Please give the lines below again exactly as they stand, from the one that contains "Women 35-41" up to and including the one that contains "Usado Seat Ibiza", leaving all pictures out.

● **DATA EXCERPTS**
----------
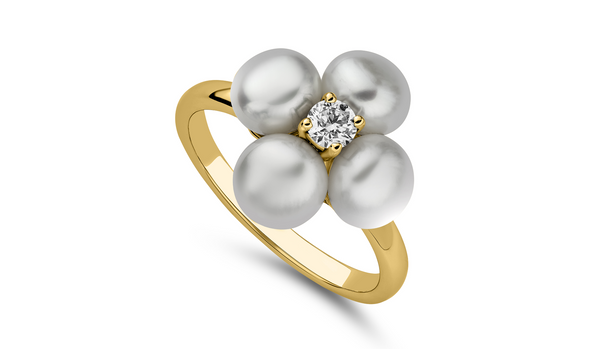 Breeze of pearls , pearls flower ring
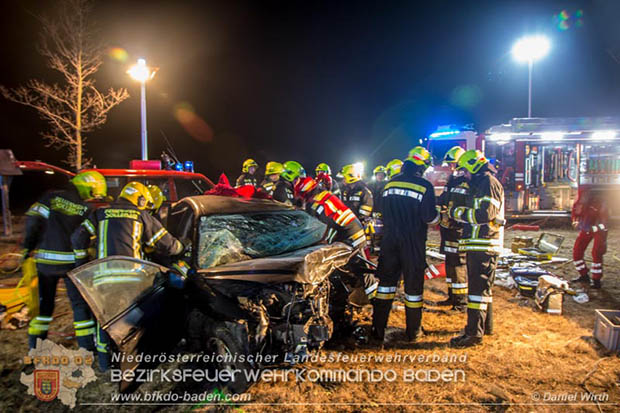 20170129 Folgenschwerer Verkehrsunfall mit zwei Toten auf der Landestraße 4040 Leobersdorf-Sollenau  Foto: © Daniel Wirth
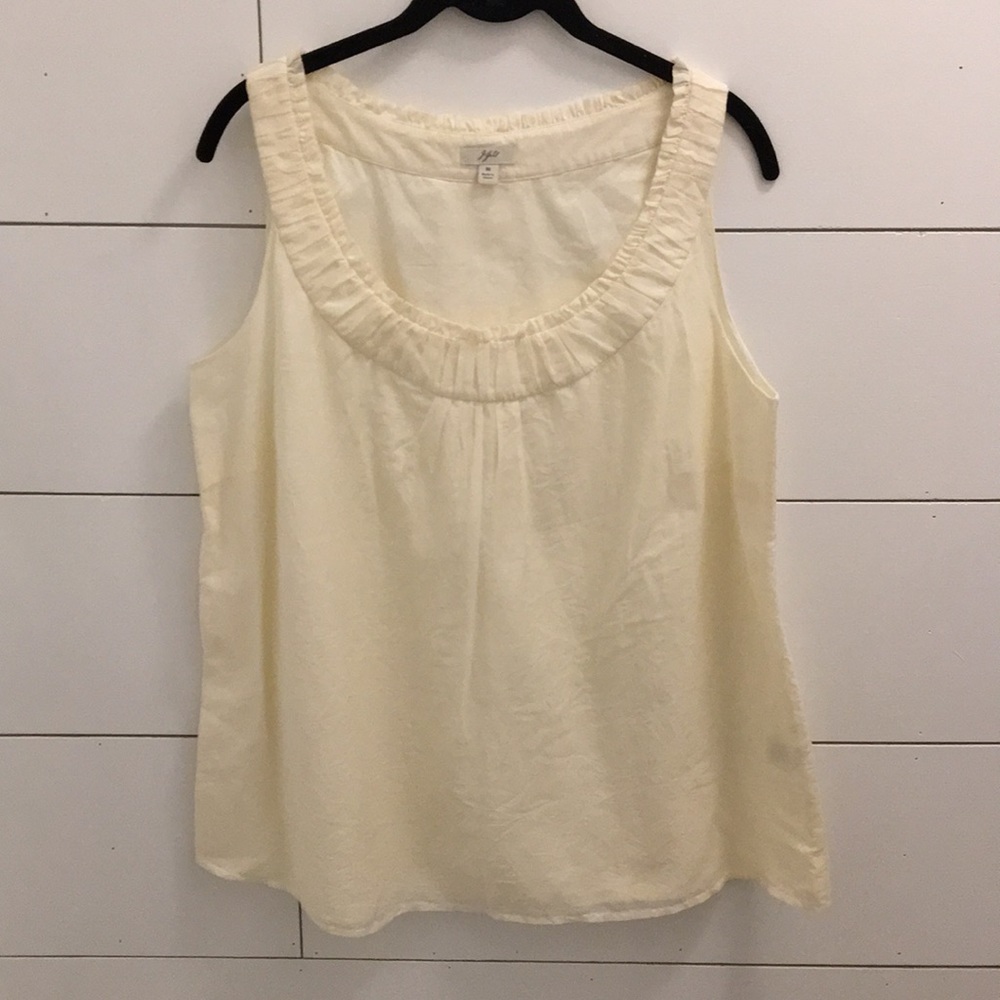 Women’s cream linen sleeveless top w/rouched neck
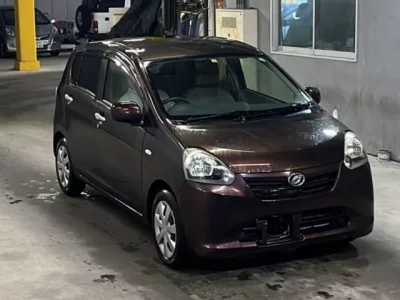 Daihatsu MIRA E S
----------
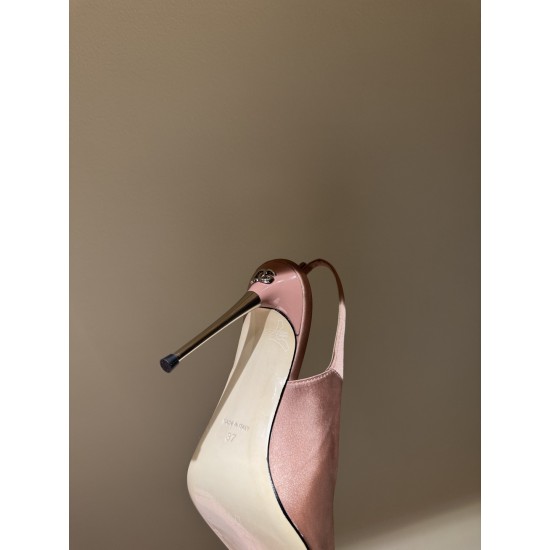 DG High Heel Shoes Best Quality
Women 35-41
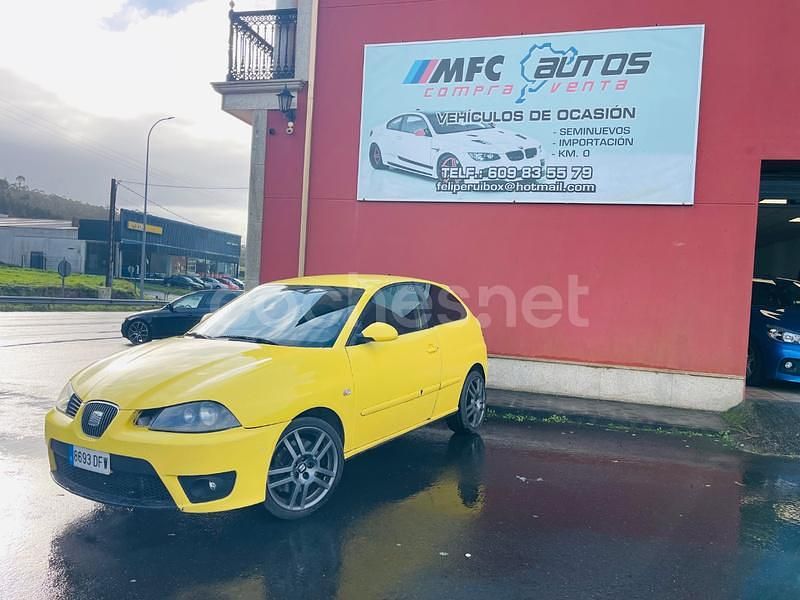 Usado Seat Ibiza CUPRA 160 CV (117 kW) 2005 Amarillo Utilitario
----------
● **ANSWER BOX**
Women 35-41
 Usado Seat Ibiza CUPRA 160 CV (117 kW) 2005 Amarillo Utilitario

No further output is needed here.